I did this the other day:
Took a cheap microphone, and had the dude talk into it, and ran the preamp up really really high. Probably hit the tape at about +16. For whatever reason, it didn't come back very distorted.
So, on the Neve VR we were mixing on, the artist had the idea to turn the compressor on, but not use it for compression. Instead, we jacked the line trim, and the makeup gain all the way. This distorted the next stage in the chain. Then the fader was turned down to a reasonable level. With the EQ, we cut the bass at around 200 Hz, and the trebble was rolled off at 5kHz. There was also a massive (+10dB or so) midrange boost applied around 1khz, with slightly wider Q than usual.
The frequency responce of a telephone is approximately 300Hz to 3kHz.
Distortion, in this sense, is created by clipping. And clipping can be achieved by running too much signal into a preamp, and then turning down the output. EQ after distortion, for maximum effect.

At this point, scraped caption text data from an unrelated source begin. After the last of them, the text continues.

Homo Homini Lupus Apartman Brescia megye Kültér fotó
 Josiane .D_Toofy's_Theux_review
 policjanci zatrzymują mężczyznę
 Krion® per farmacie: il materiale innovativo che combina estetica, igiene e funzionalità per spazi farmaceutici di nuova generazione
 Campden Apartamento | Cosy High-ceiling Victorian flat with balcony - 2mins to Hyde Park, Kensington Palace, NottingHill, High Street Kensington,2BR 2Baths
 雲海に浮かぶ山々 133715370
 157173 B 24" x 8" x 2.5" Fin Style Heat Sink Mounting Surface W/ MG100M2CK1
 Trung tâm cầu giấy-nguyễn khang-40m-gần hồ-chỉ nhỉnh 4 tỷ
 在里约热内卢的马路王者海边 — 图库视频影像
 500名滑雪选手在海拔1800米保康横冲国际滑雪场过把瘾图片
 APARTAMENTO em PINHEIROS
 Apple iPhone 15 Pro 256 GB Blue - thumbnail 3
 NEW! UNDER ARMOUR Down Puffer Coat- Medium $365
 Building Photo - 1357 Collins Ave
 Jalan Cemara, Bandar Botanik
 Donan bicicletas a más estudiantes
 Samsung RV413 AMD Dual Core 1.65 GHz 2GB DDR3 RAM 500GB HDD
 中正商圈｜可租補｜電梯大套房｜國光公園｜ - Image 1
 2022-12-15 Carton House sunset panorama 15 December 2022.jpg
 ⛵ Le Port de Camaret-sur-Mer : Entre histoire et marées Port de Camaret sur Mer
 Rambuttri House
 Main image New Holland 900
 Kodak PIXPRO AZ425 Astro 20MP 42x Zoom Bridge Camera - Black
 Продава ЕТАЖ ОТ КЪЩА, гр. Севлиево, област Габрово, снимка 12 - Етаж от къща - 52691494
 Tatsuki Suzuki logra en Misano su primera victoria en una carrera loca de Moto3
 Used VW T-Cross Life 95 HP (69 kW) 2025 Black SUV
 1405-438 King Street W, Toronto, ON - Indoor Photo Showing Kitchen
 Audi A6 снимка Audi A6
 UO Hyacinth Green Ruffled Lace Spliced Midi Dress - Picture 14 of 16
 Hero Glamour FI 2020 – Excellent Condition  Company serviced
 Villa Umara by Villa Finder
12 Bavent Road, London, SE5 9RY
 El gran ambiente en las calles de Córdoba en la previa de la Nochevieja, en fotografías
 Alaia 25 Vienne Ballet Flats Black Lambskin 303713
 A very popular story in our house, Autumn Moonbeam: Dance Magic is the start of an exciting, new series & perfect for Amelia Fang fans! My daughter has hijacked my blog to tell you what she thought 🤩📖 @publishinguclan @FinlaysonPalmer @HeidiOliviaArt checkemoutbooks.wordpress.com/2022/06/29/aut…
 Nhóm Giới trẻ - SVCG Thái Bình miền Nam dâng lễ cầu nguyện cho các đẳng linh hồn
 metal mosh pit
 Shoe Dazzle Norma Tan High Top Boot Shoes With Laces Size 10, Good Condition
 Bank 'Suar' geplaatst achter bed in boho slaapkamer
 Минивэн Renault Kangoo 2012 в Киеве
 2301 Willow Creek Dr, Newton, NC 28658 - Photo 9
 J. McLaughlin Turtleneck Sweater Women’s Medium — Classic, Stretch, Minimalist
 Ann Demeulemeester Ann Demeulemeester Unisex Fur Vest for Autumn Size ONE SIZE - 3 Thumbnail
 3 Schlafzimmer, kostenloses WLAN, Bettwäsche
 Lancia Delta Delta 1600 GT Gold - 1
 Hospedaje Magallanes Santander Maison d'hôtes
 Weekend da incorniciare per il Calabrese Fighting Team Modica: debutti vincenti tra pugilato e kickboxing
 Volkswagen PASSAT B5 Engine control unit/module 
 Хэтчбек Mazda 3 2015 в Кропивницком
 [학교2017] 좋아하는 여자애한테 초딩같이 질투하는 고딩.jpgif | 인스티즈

If you have protools, try the gain plugin, up the gain really really high, and print it to the file (use the plugin as an audiosuite). Then run the gain plugin again, as audiosuite, and gain it back down. Now add two-band shelving EQ, to taste, but generally, as above.
Sometimes running +4 signals into -10dB gear makes interesting distortion too.
Guitar effect distortion works sometimes, but generally, this isn't the 'low-fi' sound people are looking for.